Ahead of Sweden's quarterfinal clash against England, here's a look at how the teams stack up against each other.

Harry Kane and Emil Forsberg's involvement in the game is going to be crucial to their teams.   -  AFP

Sweden, from beating a highly-fancied Italy in the World Cup playoff to topping a tough Group F and beating an attractive Switzerland in the last-16, has defied all odds to be in the quarterfinals. It goes into the last-eight clash against England with nothing to lose once again. 

Sportstar does a SWOT analysis of both the teams ahead of their quarterfinal clash.  

Strength

Sweden’s biggest strength has been its defence, justified when it conceded only two goals in four matches so far. Its back four (Mikael Lustig, Victor Lindelof, Andreas Granqvist, and Ludwig Augustinsson) have now been constant for three matches in a row, keeping two clean sheets (impressively, against quality attacking sides like Mexico and Switzerland) along the way. 

England hasn’t been free-flowing but for one match (against Panama, which it won 6-1) at this World Cup, but the penalty shootout victory against Colombia showed its mental strength and would have given the confidence to dig deep into the tournament. 

Weakness

Sweden has struggled to retain possession (its average possession in four outings so far is a little over 40 per cent), which was particularly evident in the second half of its Group F fixture against Germany. 

England has scored only three goals from open play so far in this tournament.
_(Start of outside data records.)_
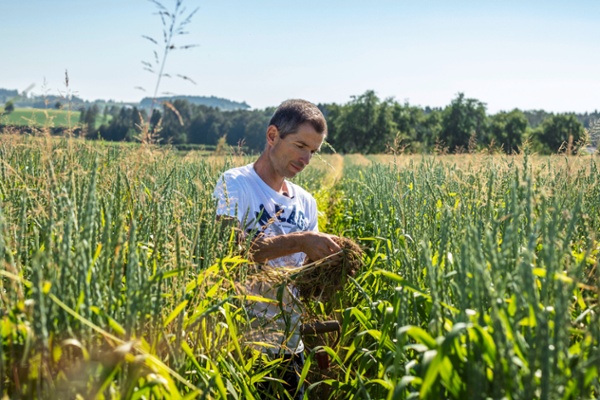Bio Familia sucht regenerative Getreide-Produzenten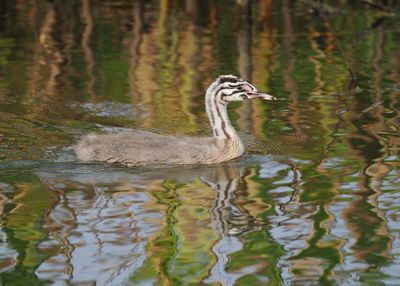 Great Crested Grebe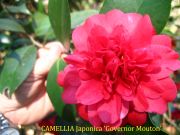 (3 Gallon) Camellia Governor Mouton Flower Plant - Oriental Red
Against a Swedish side which is excellent at defending set-pieces, the Three Lions might well not find the joy it has so far from corners; Sweden hasn’t conceded a spot-kick yet either. 

England's high line and three-man defence could afford Marcus Berg and Ola Toivonen acres of space to during counter-attacks.   -  Getty

 

Opportunities

Sweden defending deep in its own half could play into England’s hands, particularly with Harry Kane not shy of shooting from distance and his ability to strike the ball cleanly. 

With England employing a high press and its three-man defence potentially playing near the halfway line, Marcus Berg and Ola Toivonen, the two strikers, will have acres of space to run into when a counter-attacking opportunity arises. With the two strikers potentially camped in their own half out of possession, they can also beat the offside trap. 

Harry Kane is easily the biggest threat to Sweden.   -  Getty

 

Threats

Harry Kane is easily the biggest threat to Sweden. He combines his ability with personality to deliver under pressure and has led England into the quarterfinals with six goals. 

Emil Forsberg, given his level of involvement when Sweden is in possession, is the key player for his team. And his quality deliveries from corners and free-kicks make him a threat for England.